Oliver Letwin

Housing report recommends new planning rules for larger sites



An independent review has claimed that a new set of planning rules should be introduced for sites with more than 1,500 homes to speed up the property-building process.


The report by Oliver Letwin MP stated that these new rules would require developers to build a wider range of properties with different designs and tenures to speed up build-out rates.

In his interim report, Letwin said he could not find “any evidence” that major developers were “holding land as a purely speculative activity” and their business models instead rely on the sale of homes.

Instead, he found that having too many identical properties on large sites – and the limits on how quickly these could be sold – was the fundamental reason behind the slow build-out rate.

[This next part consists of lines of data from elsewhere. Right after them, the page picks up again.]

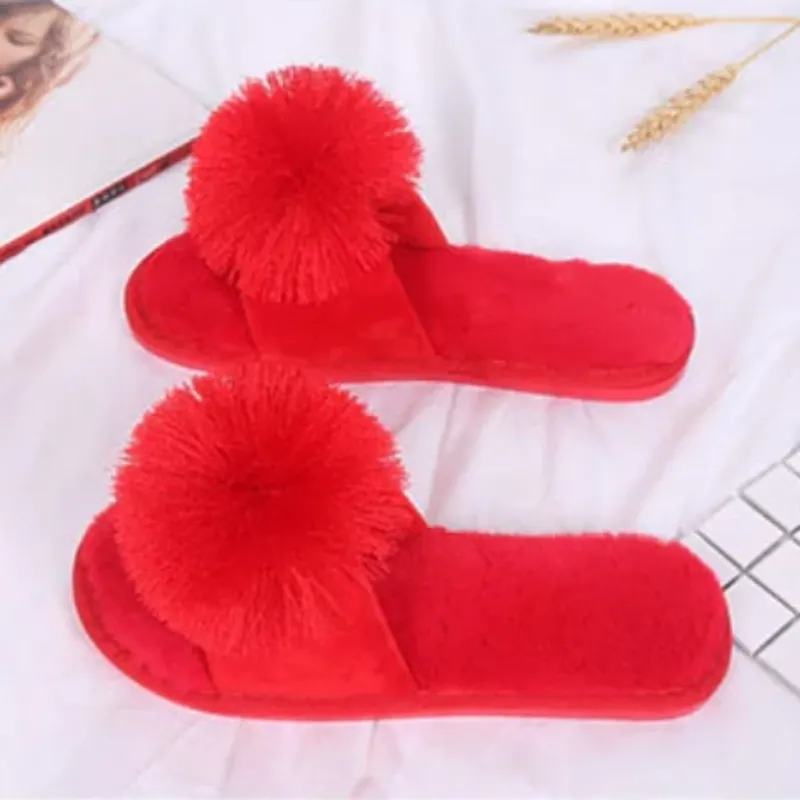 Women's Plush Solid Home Slippers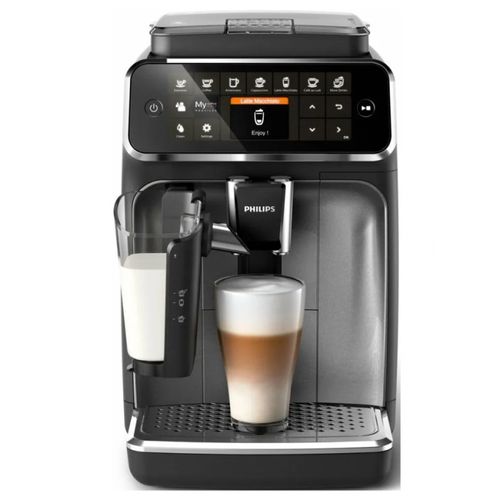 Кофемашина автоматическая LatteGo Series 4300 Philips EP4346/70, Black/Silver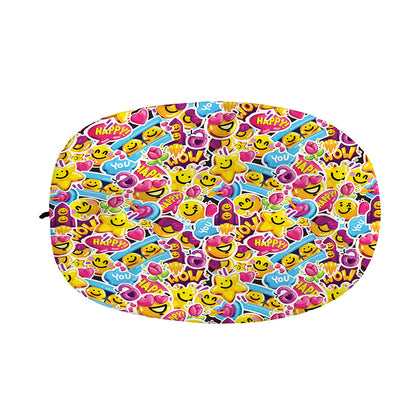 Smiley Faces Emoji Pattern Print Car Side Mirror Covers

The government has said that it will now consider the report into the build-out rate of large sites before deciding on the next steps.

The report calls for:

  • new planning rules which require homebuilders to offer a range of different types of properties on big sites, so they can be completed more quickly without “flooding” the market with a large number of identical properties
  • a new national expert committee to be set up to advise councils on the different types of properties that should be offered on large sites; they would also handle appeals where there is a dispute between developers and local authorities
  • incentives for homebuilders to change plans for existing sites so they start offering a variety of property types immediately
  • councils to be given a more muscular role in guiding major homebuilding projects – and the power to purchase undeveloped land for 10 times its existing use value; this would make it viable for more affordable housing to be built

“I found that the main reason developers are slow to complete building on large sites is that there is only a limited demand each year for the highly uniform properties they are building on those sites,” said Letwin.

“My final report sets out some policy levers that government can use to increase the variety of homes on sites, so they can be built out more quickly.”